日本からイタリアへ渡った際ブルスコリと出会い、縁あって引き継ぐことになったそう。
日々、日本人から見たイタリアの風景にヒントを得て、様々な素晴らしい商品を制作されています。
その中でも、筆者が特に気になったのは「鍵穴バッグ」。
イタリアは似たような街並みが続いていく中で、「ドア」だけには個人のこだわりが現れているそうです。
デザイン性の高いドアノブが使用されていたり、模様が彫られていたり…。
そんなイタリア人の遊び心を取り入れたバッグがこの「鍵穴バッグ」です。
日本ではなかなかお目にかかれない重厚な金具と、丁寧に作りこまれた本体が特徴の素敵な商品です。
そして、最近注目を集めているのがこの「金装飾」のバッグ。
純金による熱刻印技術を活かした美しいバッグです!
伝統と遊び心が融合した唯一無二のバッグや革小物をお探しの方は、ぜひブルスコリのWebサイトをチェックしてみてくださいね。

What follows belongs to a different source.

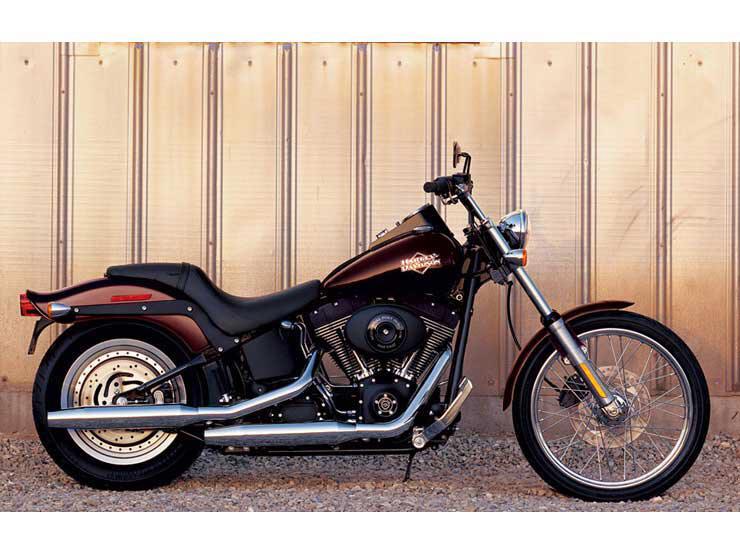 2005 Harley-Davidson FXSTB/FXSTBI Softail® Night Train® 2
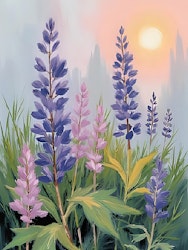 Graphic Art by Pär "Wild Flower 2571"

また、公式インスタグラムにもたくさんの魅力的な商品が紹介されています。
心躍る商品との出会いがありますように!
*REFINEはブルスコリの公式リペアスタジオです*
5.料金のご案内
今回の修理は、「汚れ取り+補色」で承りました。
それぞれの料金は
汚れ取り→8800円(税込)
補色→6600円(税込)
です。
*送料は別途ご負担をお願いします。
6.まとめ
今回のまとめです。
◇革のバッグの汚れの原因は「皮脂」「色移り」「ボールペン」「多すぎるクリーム・オイル」など。

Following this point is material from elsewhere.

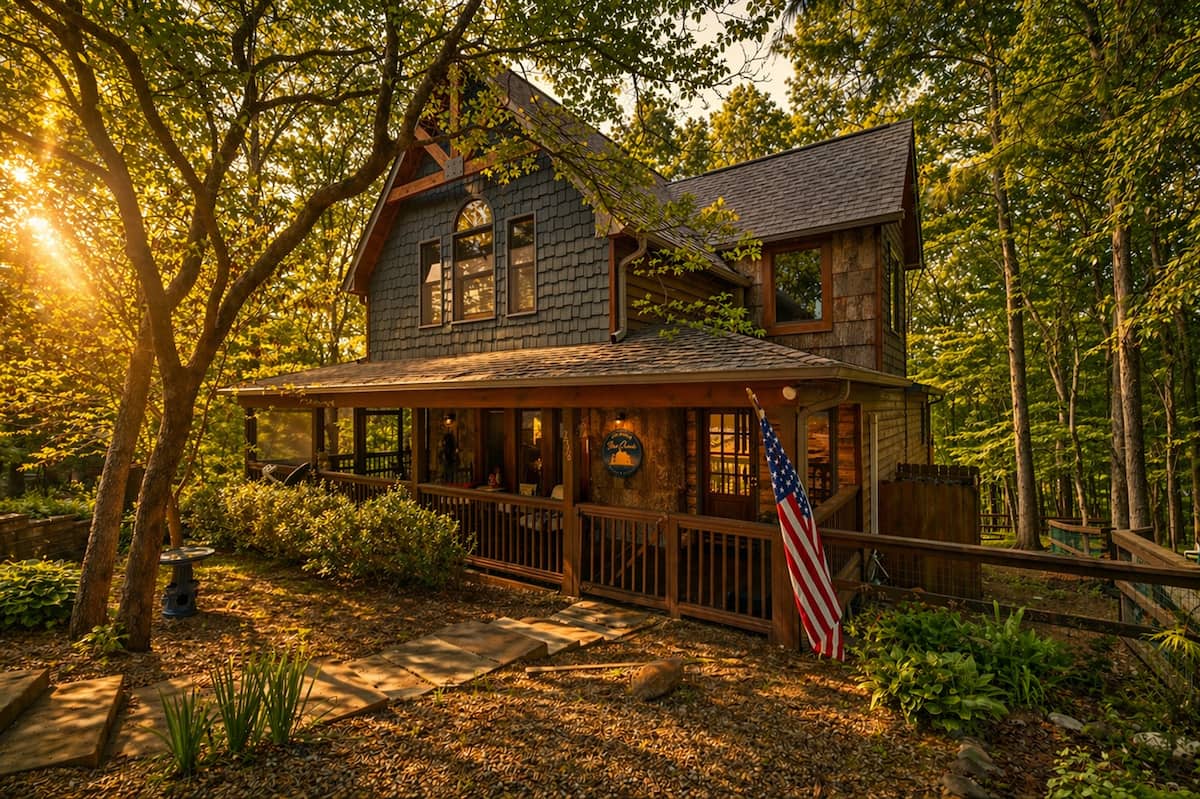 Blue Chalet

◇おうちでは「油性の汚れ」「マニキュア」「ワイン」は落とせない。
◇「エナメル素材」「スエード素材」「クロコなどエキゾチックレザー」は扱いが難しいので、まずプロに相談。
◇除光液:プロ目線ではおすすめできない、消しゴム:優しく軽くクルクル動かす、メラミンスポンジ:思ったより表面が削れるので注意
◇唯一無二のバッグや革小物をお探しの時は、BRUSCOLI(ブルスコリ)をチェック!
お気に入りのバッグはなるべく永く綺麗に使用したいもの。
何かお困りのことがありましたら、リペアスタジオRFINEへ!
また、Twitterにて様々なお役立ち情報やリペアスタジオREFINEについて、日常のつぶやき等、発信しています。
よろしければご覧ください!
それでは、また次のPageでお会いしましょう。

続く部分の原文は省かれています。